It might be tempting to dismiss Naomi Klein’s heavy new tome, This Changes Everything: Capitalism vs. The Climate, as just another enviro-pap triviality. For starters, she employs chapter subheadings like “Growing the Caring Economy, Shrinking the Careless One,” and titled an entire chapter “Love Will Save This Place.” She is enamored of co-ops of all sorts, and frets that her infant son may never get to see a moose. She calls black people (over and over and over again) “communities of color.” The rampant hypocrisy and absurdity that has riven Man’s response to climate change, which she quite skillfully skewers throughout, is often downright riotous, but over a cloyingly earnest 500 pages written in a broad, conversational (this book is for the masses) style, it’s striking how rarely she cracks a smile or attempts a joke, and no one is more ripe for ridicule than the humorless.

But whatever one thinks of climate change or basing complex economies on the currency of Love, this is an important book.

In Klein’s view, cataclysmic climate change is just the hammer needed to shutter-up free markets once and for all.

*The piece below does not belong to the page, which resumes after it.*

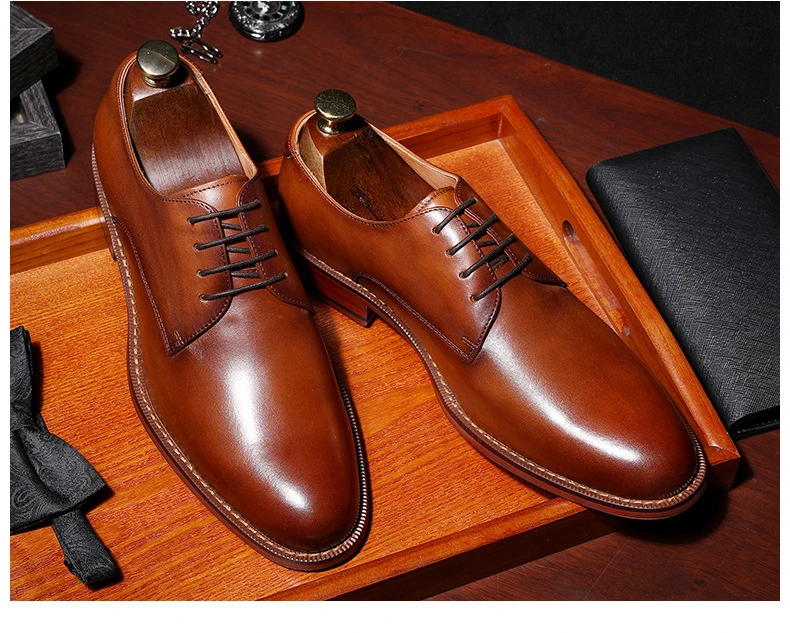 Sepatu Pria High Quality 2020 Gents Luxury Genuine Leather Breathable Brogue Carving Men Oxford Mens Dress Shoes Wedding Shoes
Sepatu Pria High Quality 2020 Gents Luxury Genuine Leather Breathable Brogue Carving Men Oxford Mens Dress Shoes Wedding Shoes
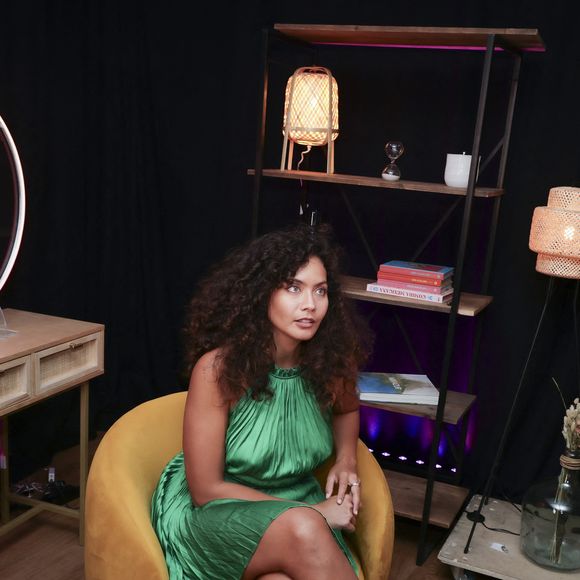 Vaimalama Chaves en interview avec En Privé avec, pour la promotion de son livre O Vai (éditions First)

From the horse’s mouth: “… when climate change deniers claim that global warming is a plot to redistribute wealth, it’s not (only) because they are paranoid. It’s also because they are paying attention.”

Klein first sets out to establish that most remaining warming skeptics (who she refers to as denialists or deniers but treats much more charitably than, say, David Suzuki does) are funded by oil companies. She then illustrates in gory technicolor the medium-to-worst case scenarios projected by climate scientists, and quotes several authorities who predict that we have about a decade to limit warming to 2 degrees Celsius over this century, which could well be catastrophic but about the best that can be done at this point.

She lists off the sins of industry, government inaction, United Nations’ failure, and the buying-off of mainstream environmental groups. Some of her best work is in reporting the sham that is the European Union cap-and-trade scheme and exposing the habitual collusion between government, industry, and “Big Green.” (You can tell something is bad in a Klein book when she capitalizes it and prepends “Big”.)

Klein concludes, or more likely, had predetermined, that free market capitalism caused the global warming crisis, and the only way to address the crisis is mass socialization. In her view, the 1980s ushered in an era of unfettered deregulation, reckless trade agreements and privatization of public assets, accompanied by a sudden societal carelessness and greed.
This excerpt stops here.